Do you see them as all part of the same mix? Perhaps as separate tools to achieve the same goal? Or, do you favour the idea that they serve very different purposes and therefore cannot be viewed as a collaborative?
Public relations has, at its core level, always been about the intention of creating dialogue that informs decisions. It’s about the building of relationships to generate conversation and thus increase audience and awareness.
Of course, there will naturally be those who argue that today, in the world of ‘instant’ social media, the very purpose of the press release (one of the known PR functions) and its bid to win column inches in traditional means, is outdated and irrelevant.
But that’s not the entire picture.
Public relations is the artform of the storytelling, and while it may be true that it’s now easier to reach a campaign message direct to the recipient without the intermediary of an editor, that wider story, development, and goal-setting identification is as vital as ever when one wants to expose a product or service.
Perhaps the answer here is for us in the creative industries to look less at whether we can ‘replace’ one another in our field, but whether our ‘toolbox’ is further expanded and makes a client’s potential outcomes even better.
Let’s take that press release for example.
The fact that it’s a single source of considered and strategically plotted story-telling – complete with stats and comment and a context – makes it full of integrity when received on the editor’s desk.
Now here’s the clever bit….
View it that social media then ‘aids’ the mix of PR, and you can see why an editor would see even more credibility and newsworthiness to his or her audience when the same press release also sits in the context of a weblink to a social media post demonstrating that thousands are already ‘liking’ or ‘discussing’ that same piece of news generation online.
What it tells the editor collectively is that, yes, it’s credible, and yes – its transmission is causing a stir and therefore has a place in his/her news medium too.
Let’s not forget that Public Relations has the word ‘relations’ in its description for a reason.

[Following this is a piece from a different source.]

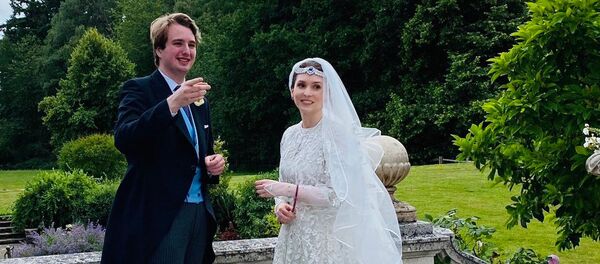 أميرة الأردن راية بنت الحسين وزوجها الصحفي البريطاني نيد دونوفان، 8 يوليو 2020 - سبوتنيك عربي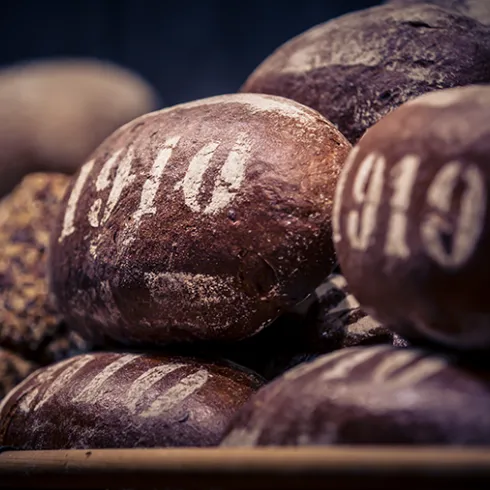 Eine Ansammlung von braunen Broten mit der Jahreszahl 1910 auf der Oberfläche. Die Brote sind unregelmäßig geformt und wirken frisch gebacken.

It is not merely a ‘broadcast’ function, but an evolving, organic, changing effort to influence and educate audiences at all levels.
It is about identifying which relationships are the right ones to target and expanding on them with the appropriate content creation.

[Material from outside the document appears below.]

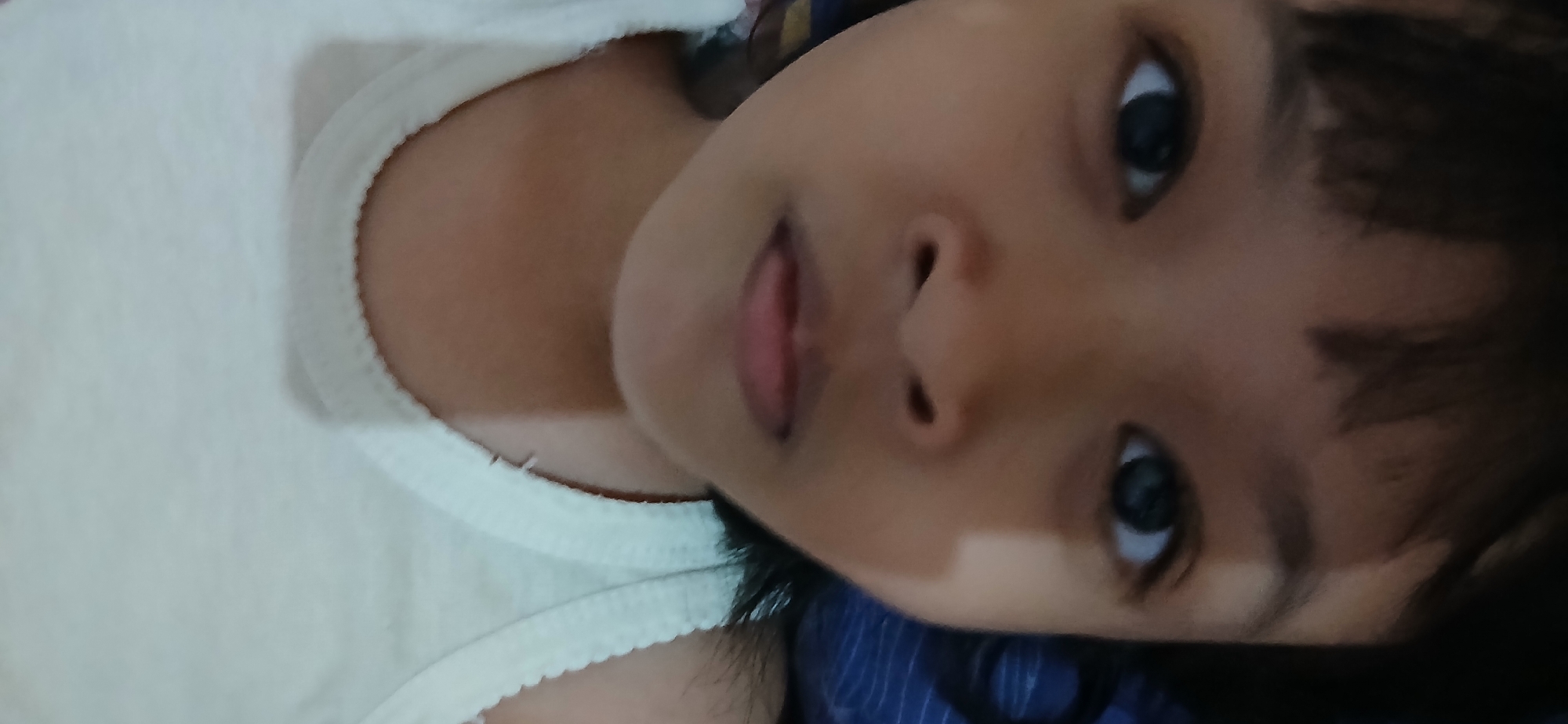 The image is an upside-down, close-up selfie of a young child's face. The child is lying down and looking at the camera. The child's head is resting on a blue and white striped surface, possibly a pillow or blanket. The child is wearing a white tank top with a ribbed neckline. The background is blurred, but appears to be indoors. The image was taken at the child's home in Samarinda, Indonesia.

Social media, meanwhile, takes the framed conversation and helps it to keep radiating in an ongoing way as the public relations activity does its work.
Most likely, it has the power to turn the conversation into a stronger ‘call to action’ too.

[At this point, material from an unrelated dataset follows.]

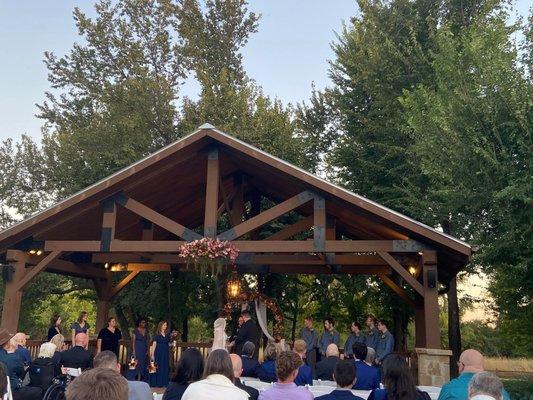 A wider shot of the outdoor pavilion used for the ceremony. The backdrop of trees is stunning.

What’s certainly clear, is that we’re in an age of communication channels where ‘togetherness’ has the best opportunity to win client confidence and deliver measurable results.
Done to a full extent, social media activity should be about more than just ‘dishing out the same PR-initiated content’, but applying the tactics and skills of accomplished digital experts to ensure its reaching where it should, at the right time, and with the right outcomes.
Likewise, that digital expertise means some of the gripes around the ‘unquantifiable nature’ of traditional PR (we all know the despair around AVE!), can now begin to be answered with bringing more undeniable stats-and-facts results to an original public relations campaign.
So what does this ultimately reveal about the defining start and stop from PR to social media?
Well, there really can be only one conclusion.
No one output or expert can be considered to be a masterful solution for all ends of the content and news-generation spectrum.
If we all want happy clients, with measurable results, achieving effective delivery that’s organically growing and ever mindful of human behaviours and changing habits – then we ALL have to pull up a seat at the table.
A conversation is only a conversation with multiple parties. Forget that and you forget the very essence of public relations.